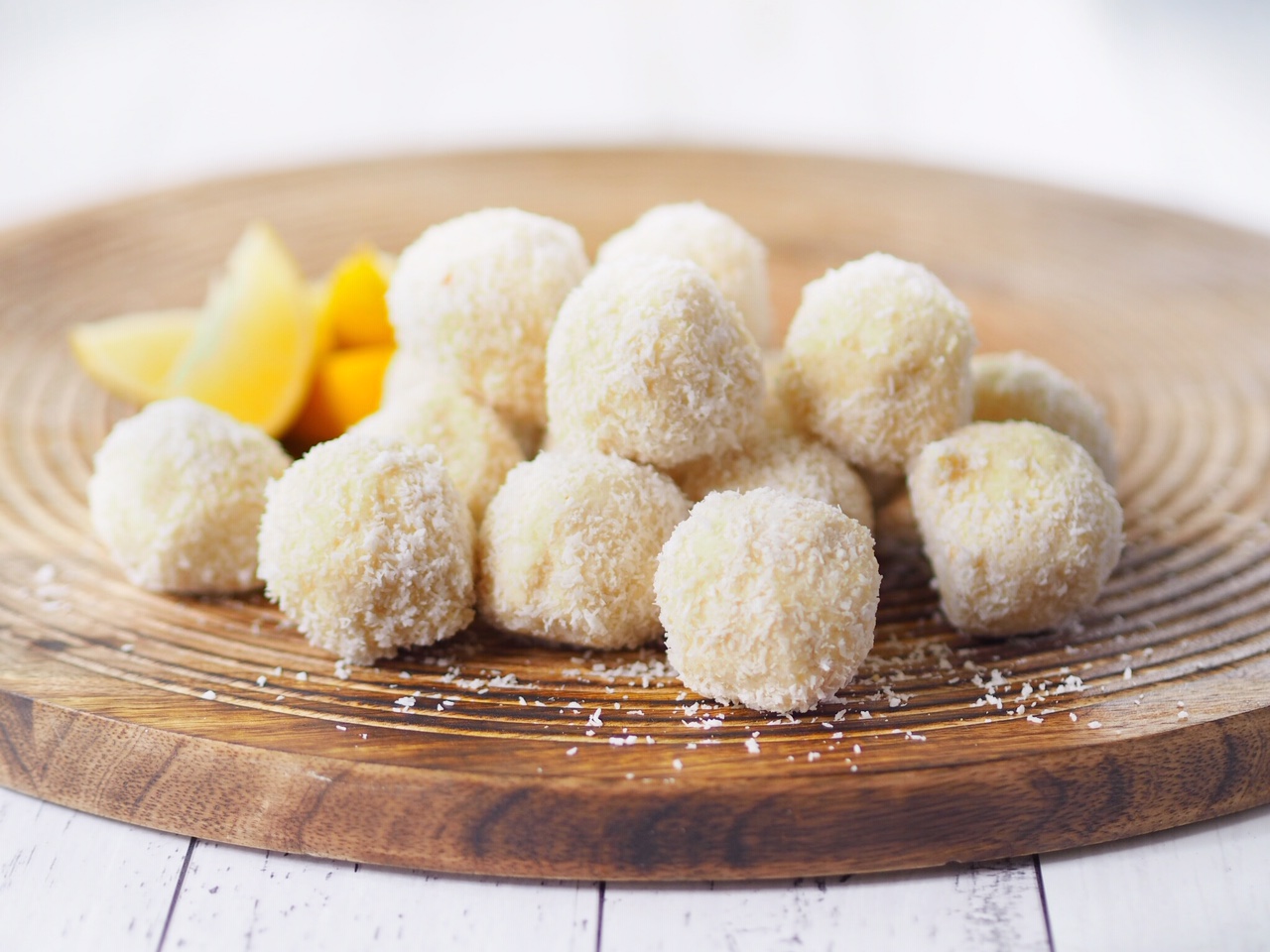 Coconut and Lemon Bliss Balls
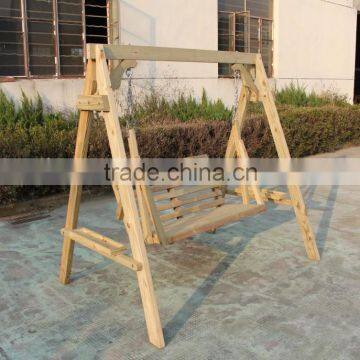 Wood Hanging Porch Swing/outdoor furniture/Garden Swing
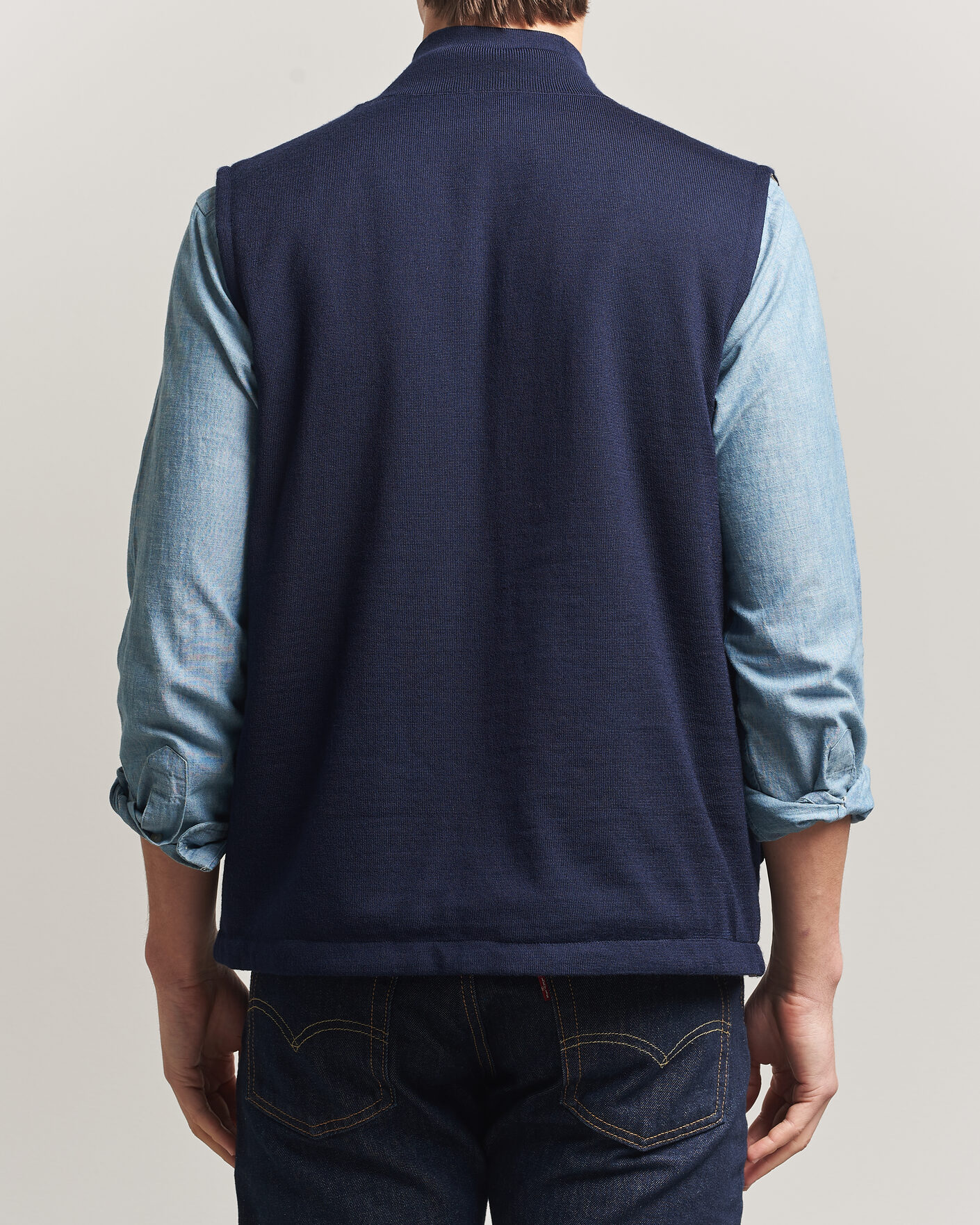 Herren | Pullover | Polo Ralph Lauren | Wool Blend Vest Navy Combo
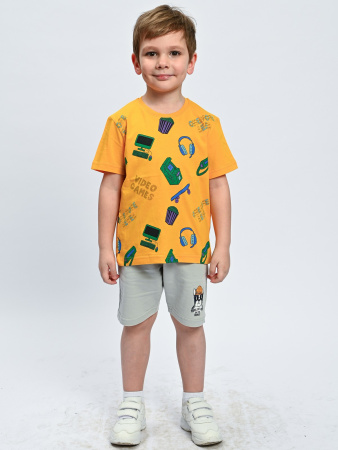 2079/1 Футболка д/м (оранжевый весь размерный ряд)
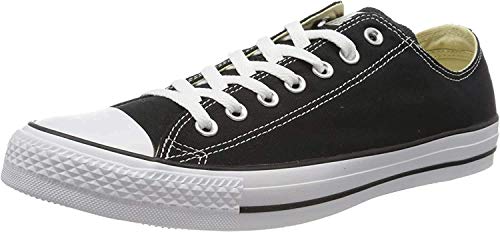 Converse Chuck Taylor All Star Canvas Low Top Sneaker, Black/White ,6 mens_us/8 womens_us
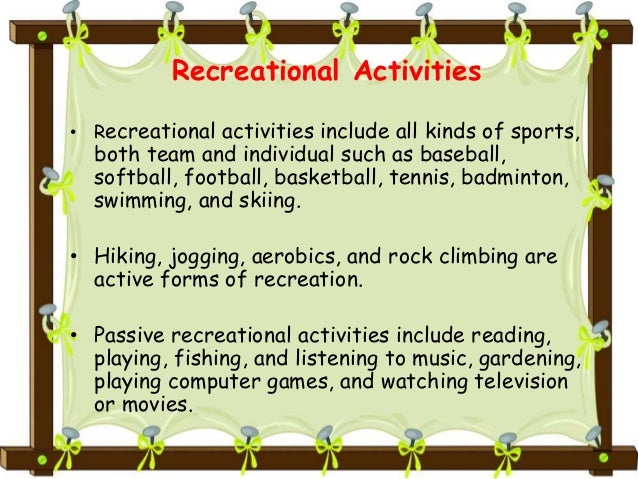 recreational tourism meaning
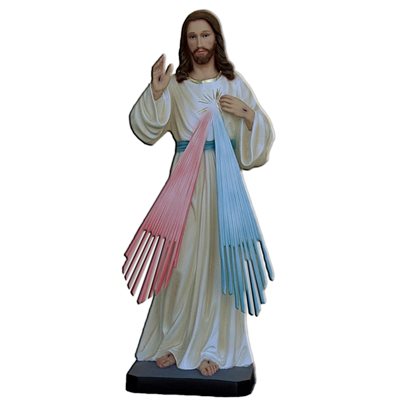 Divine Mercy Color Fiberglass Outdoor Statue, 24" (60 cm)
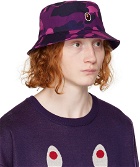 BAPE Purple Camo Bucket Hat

*-*-*

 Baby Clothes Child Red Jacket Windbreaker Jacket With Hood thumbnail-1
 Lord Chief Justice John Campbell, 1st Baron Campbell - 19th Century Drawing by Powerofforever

*-*-*

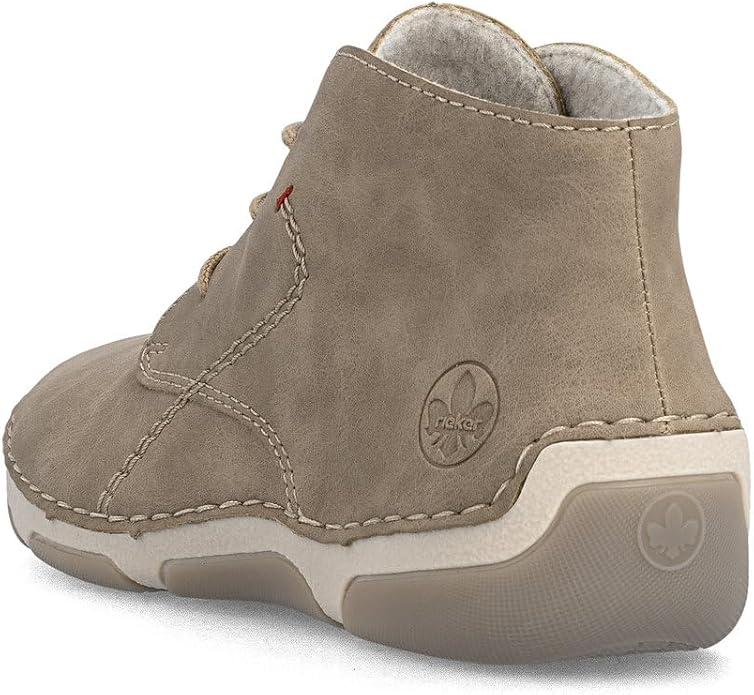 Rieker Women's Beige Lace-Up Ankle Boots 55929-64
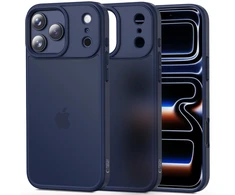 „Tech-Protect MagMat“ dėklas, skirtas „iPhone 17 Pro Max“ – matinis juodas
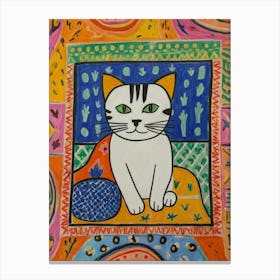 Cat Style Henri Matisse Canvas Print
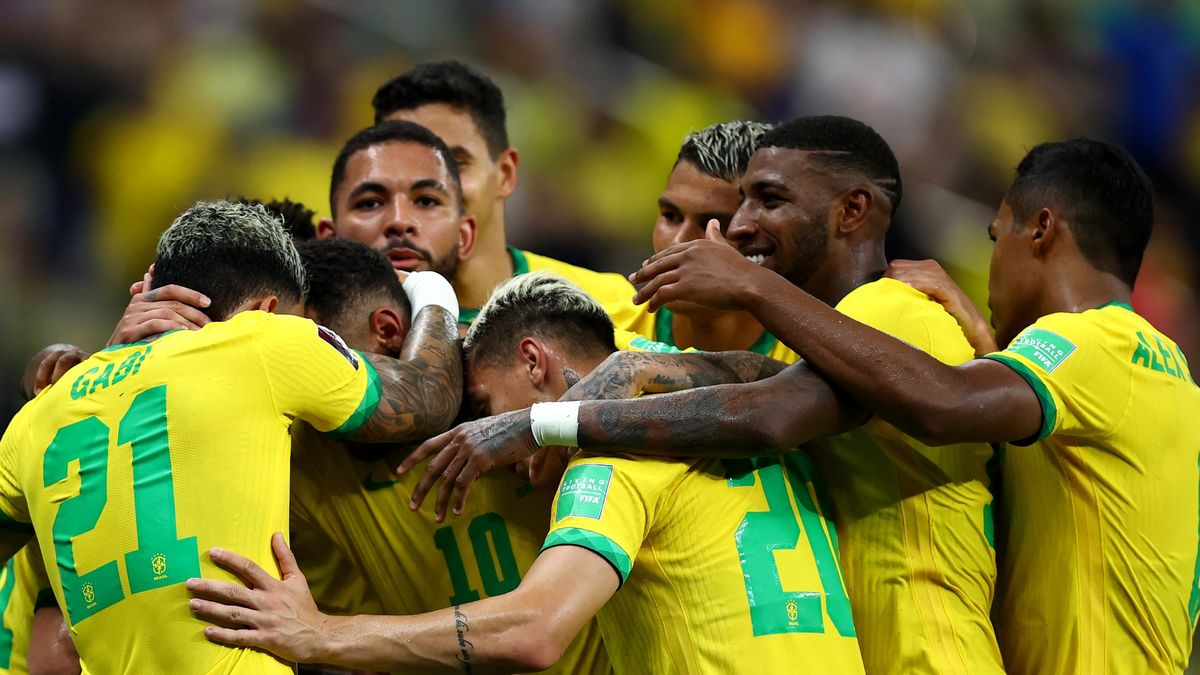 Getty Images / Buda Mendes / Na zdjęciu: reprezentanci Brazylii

*-*-*

• [WORK ORDER] For this exercise, please set down exactly the lines of the listing above from the line with "Converse Chuck Taylor" up to and including the line with "BAPE Purple Camo Bucket Hat", and no pictures.

• [COMPLETED TASK]
 Converse Chuck Taylor All Star Canvas Low Top Sneaker, Black/White ,6 mens_us/8 womens_us
 recreational tourism meaning
 Divine Mercy Color Fiberglass Outdoor Statue, 24" (60 cm)
 BAPE Purple Camo Bucket Hat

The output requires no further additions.